[AMDGPU] Stop combining arbitrary offsets into PAL relocs #80034

jayfoad · 2024-01-30T17:04:57Z

PAL uses ELF REL (not RELA) relocations which can only store a 32-bit
addend in the instruction, even for reloc types like R_AMDGPU_ABS32_HI
which require the upper 32 bits of a 64-bit address calculation to be
correct. This means that it is not safe to fold an arbitrary offset into
a GlobalAddressSDNode, so stop doing that.

In practice this is mostly a problem for small negative offsets which do
not work as expected because PAL treats the 32-bit addend as unsigned.

PAL uses ELF REL (not RELA) relocations which can only store a 32-bit addend in the instruction, even for reloc types like R_AMDGPU_ABS32_HI which require the upper 32 bits of a 64-bit address calculation to be correct. This means that it is not safe to fold an arbitrary offset into a GlobalAddressSDNode, so stop doing that. In practice this is mostly a problem for small negative offsets which do not work as expected because PAL treats the 32-bit addend as unsigned.

llvmbot · 2024-01-30T17:05:31Z

@llvm/pr-subscribers-backend-amdgpu

Author: Jay Foad (jayfoad)

Changes

PAL uses ELF REL (not RELA) relocations which can only store a 32-bit
addend in the instruction, even for reloc types like R_AMDGPU_ABS32_HI
which require the upper 32 bits of a 64-bit address calculation to be
correct. This means that it is not safe to fold an arbitrary offset into
a GlobalAddressSDNode, so stop doing that.

In practice this is mostly a problem for small negative offsets which do
not work as expected because PAL treats the 32-bit addend as unsigned.

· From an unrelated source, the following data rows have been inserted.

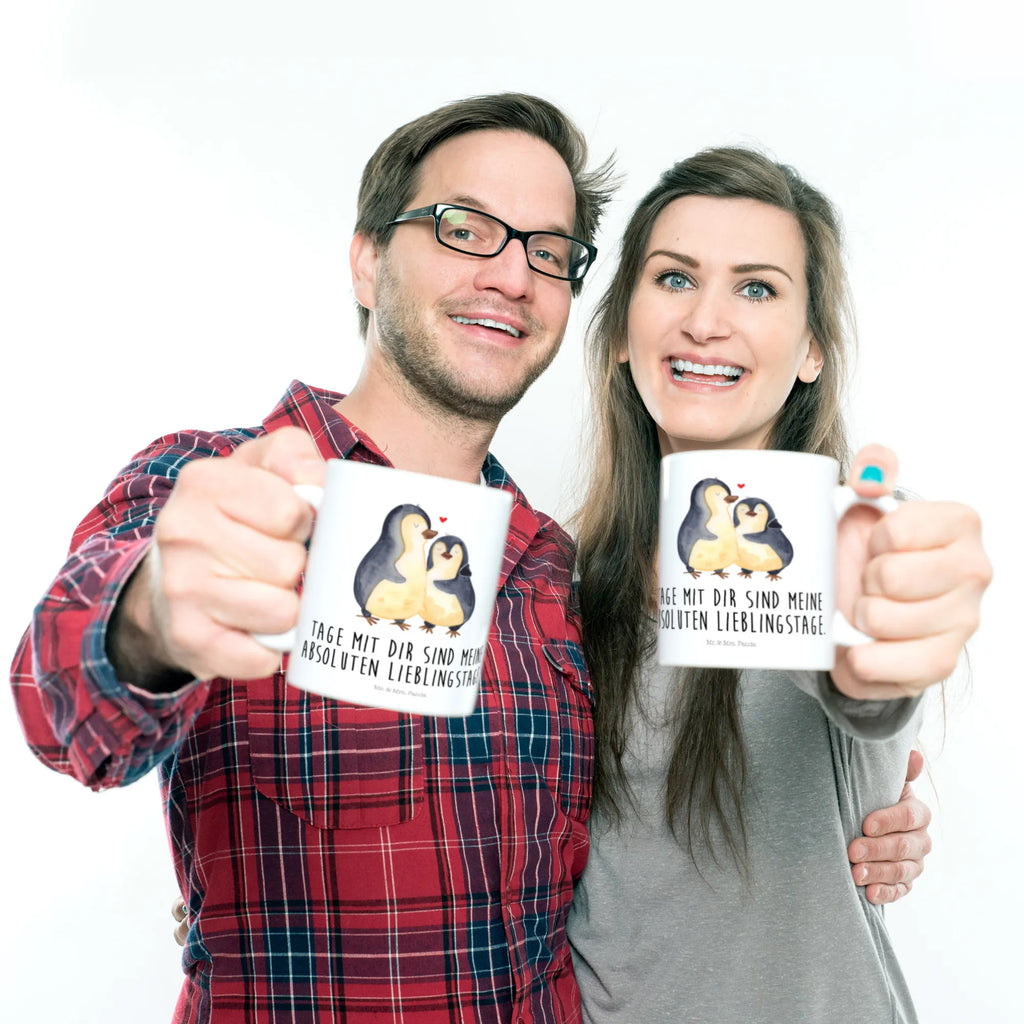 Kindertasse Pinguin umarmend Kindertasse, Kinder Tasse, Kunststoff Tasse, Kindergarten Tasse, Trinkbecher, Camping Becher, Kaffeetasse, Kunststoffbecher, Kindergartenbecher, Outdoorgeschirr, Kunststoffgeschirr, Reisebecher, Reisetasse, Kinderbecher, Bruchfeste Tasse, Bruchsichere Tasse, Plastik Tasse, Plastiktasse, Pinguin, Liebe, Liebespaar, Liebesbeweis, Liebesgeschenk, Verlobung, Jahrestag, Hochzeitstag, Hochzeit, Hochzeitsgeschenk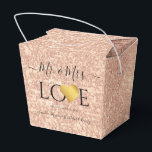 Caixinha De Lembrancinhas Nome do Roteiro do Coração Rosa Dourado de Casamen<br><div class="desc">O ouro rosa-casado, Dourado Nome do Coração Sr. e Sra. favorito de casamento Faux Dourado do roteiro preto Sr. e Sra. Monograma Nomes personalizados O casamento favorece o Black Script Dourado Nome Sr. e Sra. Elegante e personalizado, você pode mudar a cor de fundo (foto impressa falso coração de ouro),...</div>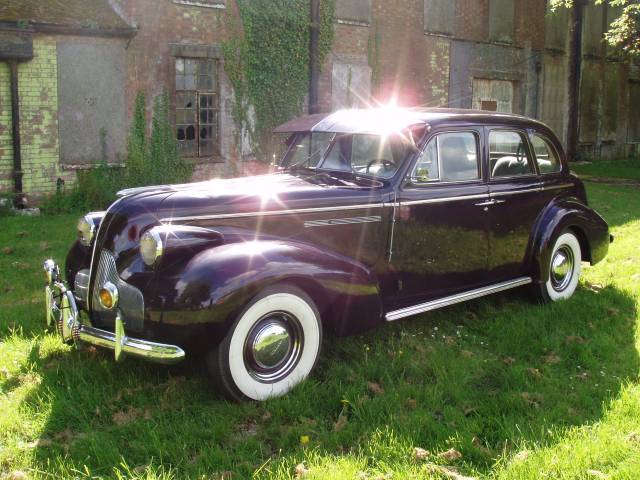 Image 1/11 of Buick Century Touring Sedan (1938)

Full diff: https://github.com/llvm/llvm-project/pull/80034.diff

4 Files Affected:

(modified) llvm/lib/Target/AMDGPU/SIISelLowering.cpp (+11)
(modified) llvm/test/CodeGen/AMDGPU/global-constant.ll (+10-10)
(modified) llvm/test/CodeGen/AMDGPU/llvm.memcpy.ll (+2-3)
(modified) llvm/test/CodeGen/AMDGPU/rel32.ll (+16-3)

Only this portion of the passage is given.